Both LDL-C and HDL-C levels are strongly associated with the risk of cardiovascular diseases, including coronary artery disease and stroke (Silverman et al., 2016). Elevated LDL-C levels can lead to the formation of plaque deposits in arterial walls, which can restrict blood flow and increase the risk of heart attacks and strokes (McPherson, 2016). Conversely, higher levels of HDL-C have been linked to a lower risk of cardiovascular diseases, as HDL-C helps prevent the buildup of cholesterol in arteries (McPherson, 2016).

In addition to cardiovascular health, cholesterol levels have also been found to be associated with other health conditions. For example, low levels of HDL-C have been linked to an increased risk of metabolic syndrome, a cluster of conditions that includes obesity, high blood pressure, and insulin resistance (Silverman et al., 2016). Furthermore, abnormal cholesterol levels have been identified as significant risk factors for non-alcoholic fatty liver disease (NAFLD), a condition characterized by fat accumulation in the liver (Polyzos et al., 2016).

Roles and Functions of Triacylglycerols

Triacylglycerols, commonly referred to as triglycerides, are another important class of lipids in the human body. These molecules are composed of glycerol and three fatty acid chains and serve as the primary storage form of energy (O’Brien et al., 2015). When the body consumes more calories than it needs, the excess energy is converted into triacylglycerols and stored in adipose tissue as fat cells (O’Brien et al., 2015). During times of fasting or physical activity, these stored triacylglycerols are broken down into fatty acids, which can be utilized as an energy source by various tissues and organs (O’Brien et al., 2015).

Triacylglycerols also serve as essential components of cell membranes, contributing to their fluidity and permeability (O’Brien et al., 2015). Additionally, they act as insulators, helping to maintain body temperature and protecting vital organs from physical impact (O’Brien et al., 2015). Moreover, triacylglycerols play a role in the transportation of fat-soluble vitamins and other lipophilic compounds within the body (Silverman et al., 2016).

Associations with Health Outcomes

While triacylglycerols are a crucial source of energy, elevated levels in the blood, known as hypertriglyceridemia, can have adverse health effects.

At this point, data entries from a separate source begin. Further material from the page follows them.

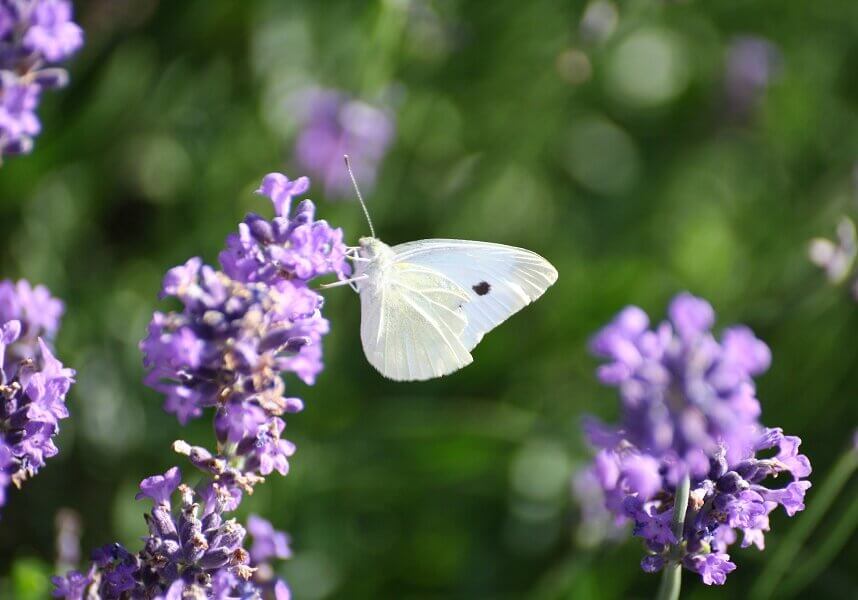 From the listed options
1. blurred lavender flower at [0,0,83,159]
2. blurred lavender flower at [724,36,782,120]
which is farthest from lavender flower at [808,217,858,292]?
blurred lavender flower at [0,0,83,159]

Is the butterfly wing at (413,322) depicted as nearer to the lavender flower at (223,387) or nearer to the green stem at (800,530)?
the lavender flower at (223,387)

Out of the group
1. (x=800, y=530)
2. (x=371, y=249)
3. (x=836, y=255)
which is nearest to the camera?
(x=371, y=249)

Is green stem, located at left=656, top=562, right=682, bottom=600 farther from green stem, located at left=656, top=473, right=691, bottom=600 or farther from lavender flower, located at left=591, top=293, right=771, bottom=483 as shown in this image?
lavender flower, located at left=591, top=293, right=771, bottom=483

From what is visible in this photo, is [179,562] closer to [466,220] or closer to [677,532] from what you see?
[677,532]

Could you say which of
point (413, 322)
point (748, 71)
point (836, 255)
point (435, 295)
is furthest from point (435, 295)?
point (748, 71)

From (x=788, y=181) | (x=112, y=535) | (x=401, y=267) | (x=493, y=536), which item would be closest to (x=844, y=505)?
(x=493, y=536)

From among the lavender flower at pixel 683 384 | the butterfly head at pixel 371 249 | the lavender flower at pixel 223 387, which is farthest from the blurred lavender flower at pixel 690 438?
the butterfly head at pixel 371 249

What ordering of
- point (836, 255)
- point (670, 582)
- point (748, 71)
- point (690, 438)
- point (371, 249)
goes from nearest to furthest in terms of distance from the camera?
point (690, 438), point (670, 582), point (371, 249), point (836, 255), point (748, 71)

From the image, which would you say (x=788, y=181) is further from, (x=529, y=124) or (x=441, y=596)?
(x=441, y=596) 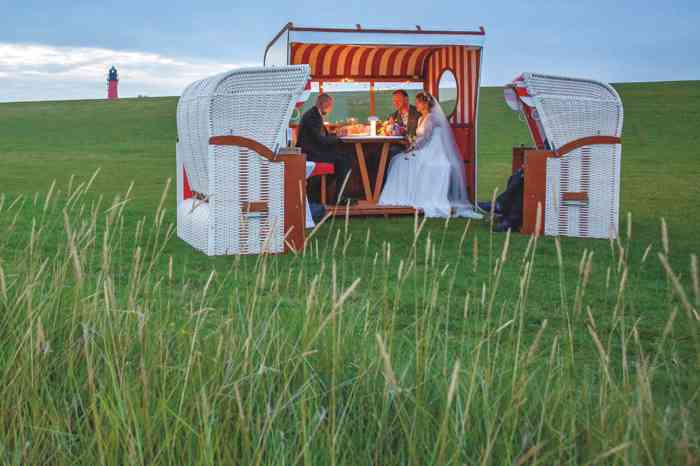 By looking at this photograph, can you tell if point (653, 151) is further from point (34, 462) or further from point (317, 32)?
point (34, 462)

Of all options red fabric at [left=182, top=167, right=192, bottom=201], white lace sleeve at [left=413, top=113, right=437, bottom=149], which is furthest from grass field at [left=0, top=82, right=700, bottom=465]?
white lace sleeve at [left=413, top=113, right=437, bottom=149]

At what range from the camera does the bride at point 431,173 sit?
1134 cm

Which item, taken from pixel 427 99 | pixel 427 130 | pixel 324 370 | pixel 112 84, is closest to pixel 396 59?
pixel 427 99

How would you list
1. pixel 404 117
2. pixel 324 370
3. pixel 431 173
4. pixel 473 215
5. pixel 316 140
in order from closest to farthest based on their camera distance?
pixel 324 370, pixel 473 215, pixel 431 173, pixel 316 140, pixel 404 117

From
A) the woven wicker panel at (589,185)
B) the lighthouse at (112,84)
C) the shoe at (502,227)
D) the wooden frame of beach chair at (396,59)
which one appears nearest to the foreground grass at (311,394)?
the woven wicker panel at (589,185)

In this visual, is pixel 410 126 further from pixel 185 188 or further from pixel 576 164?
pixel 185 188

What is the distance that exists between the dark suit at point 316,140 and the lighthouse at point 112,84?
6089cm

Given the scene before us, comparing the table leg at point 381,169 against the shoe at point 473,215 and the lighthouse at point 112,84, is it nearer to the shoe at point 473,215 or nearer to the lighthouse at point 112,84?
the shoe at point 473,215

High triacylglycerol levels have been identified as an independent risk factor for cardiovascular diseases and are associated with an increased risk of developing atherosclerosis and coronary artery disease (Silverman et al., 2016). Additionally, hypertriglyceridemia has been linked to the development of metabolic syndrome and insulin resistance, contributing to the development of type 2 diabetes (Silverman et al., 2016).


In summary, cholesterol and triacylglycerols are essential molecules that play critical roles in various biological processes within the human body. Cholesterol serves as a component of cell membranes, a precursor for hormone production, and a facilitator of digestive processes. However, imbalances in cholesterol levels, particularly elevated LDL-C and low HDL-C levels, can contribute to the development of cardiovascular diseases and other health conditions. Similarly, while triacylglycerols are important for energy storage and transportation, high levels in the blood can increase the risk of cardiovascular diseases and metabolic disorders. Therefore, maintaining optimal levels of cholesterol and triacylglycerols is crucial for overall health and wellbeing.